**ASSIGNMENT**. Skipping any pictures, repeat exactly and only the lines from the one that holds "Certified 2026 Honda CR-V Sport image 16" to the last line of the material, both included.

**INFORMATION SUPPLIED**.
>>
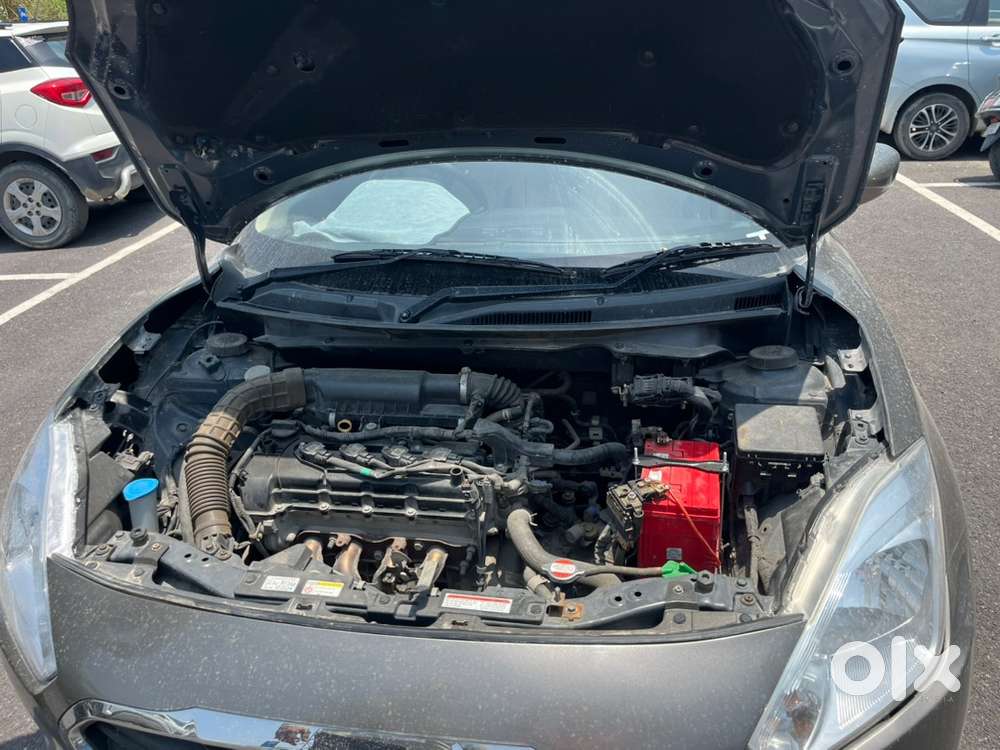 Maruti Suzuki Dzire Petrol 2017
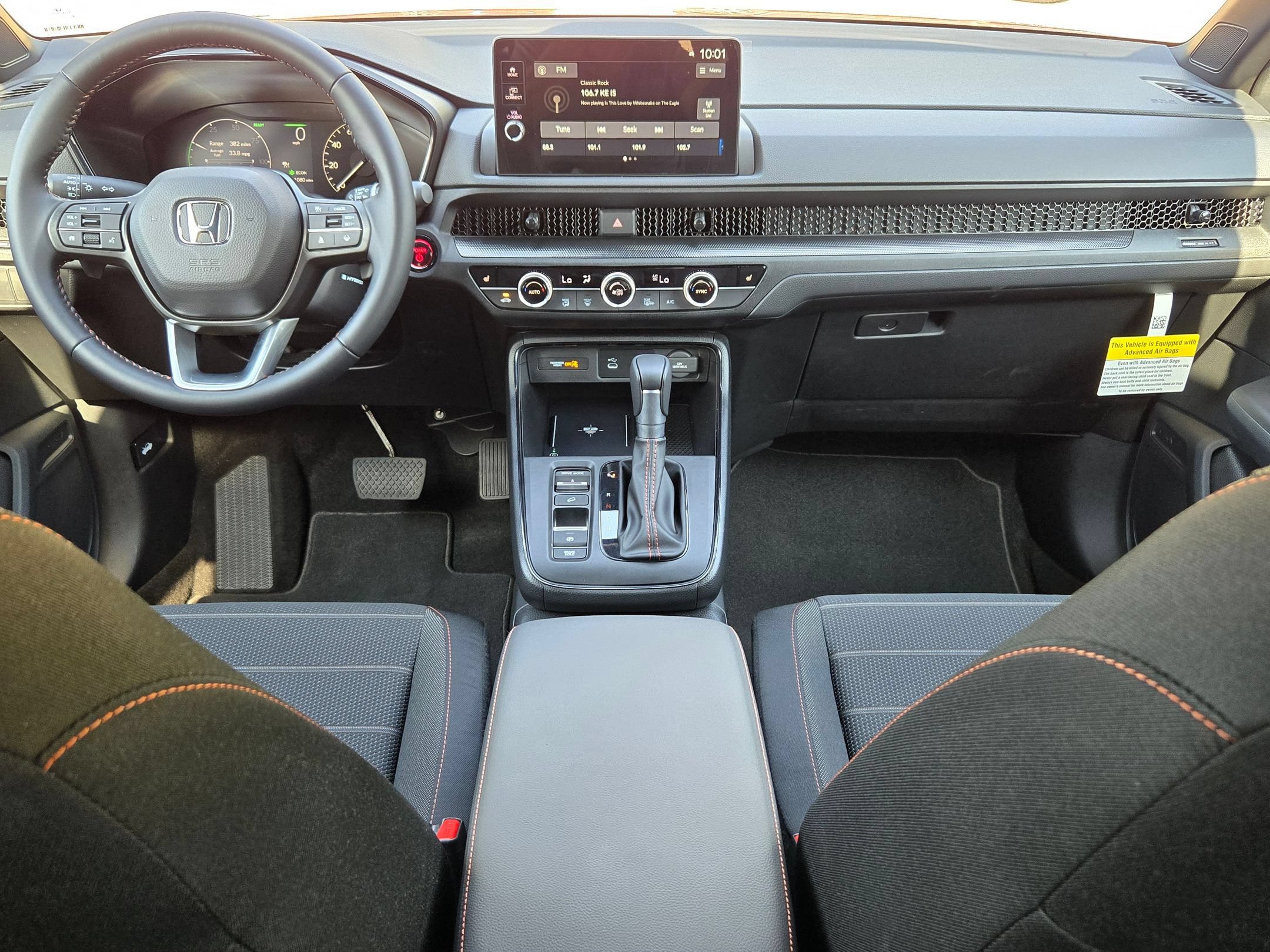 Certified 2026 Honda CR-V Sport image 16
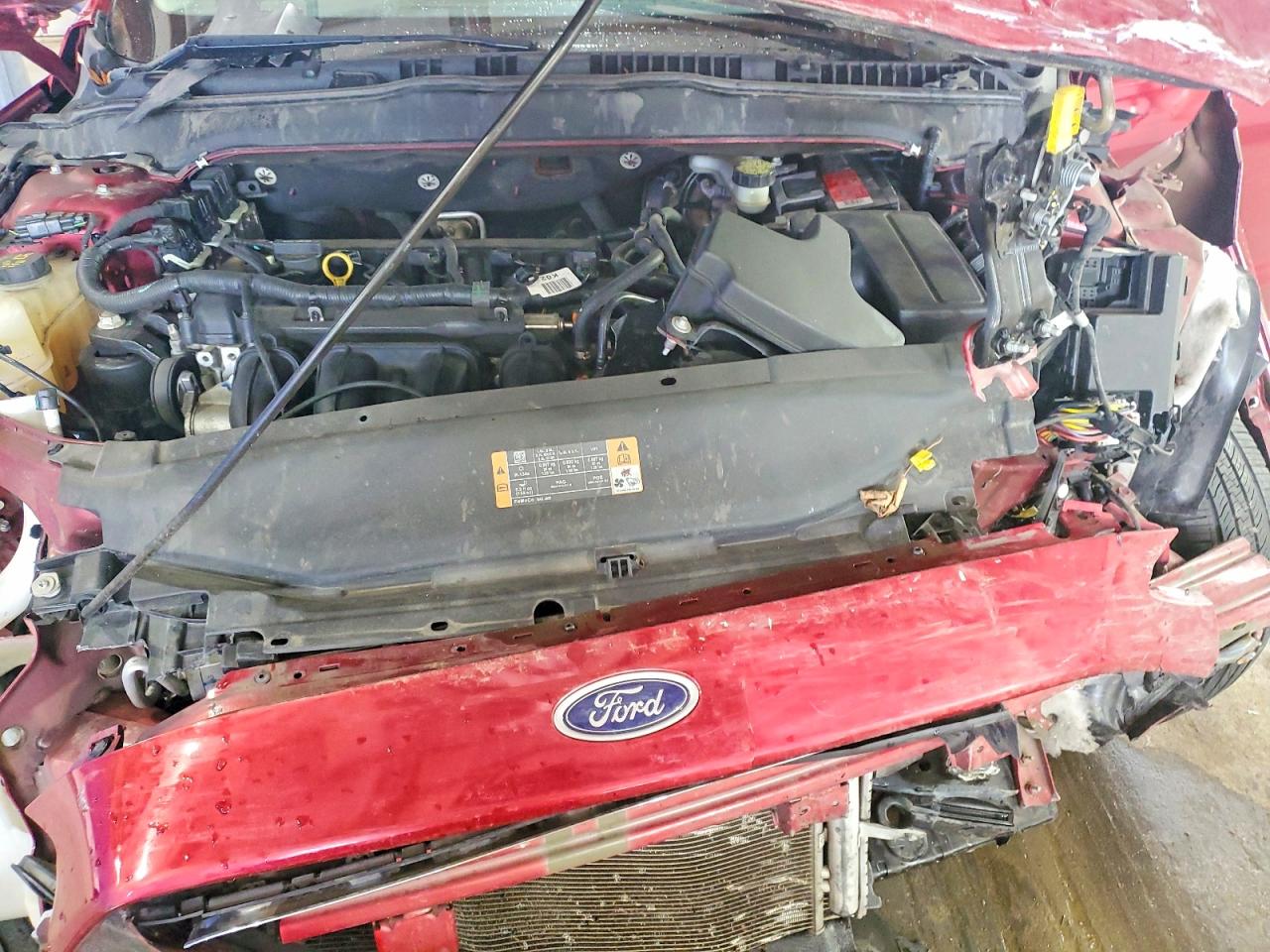 Ford Fusion S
<<
**ANSWER SPACE**.
 Certified 2026 Honda CR-V Sport image 16
 Ford Fusion S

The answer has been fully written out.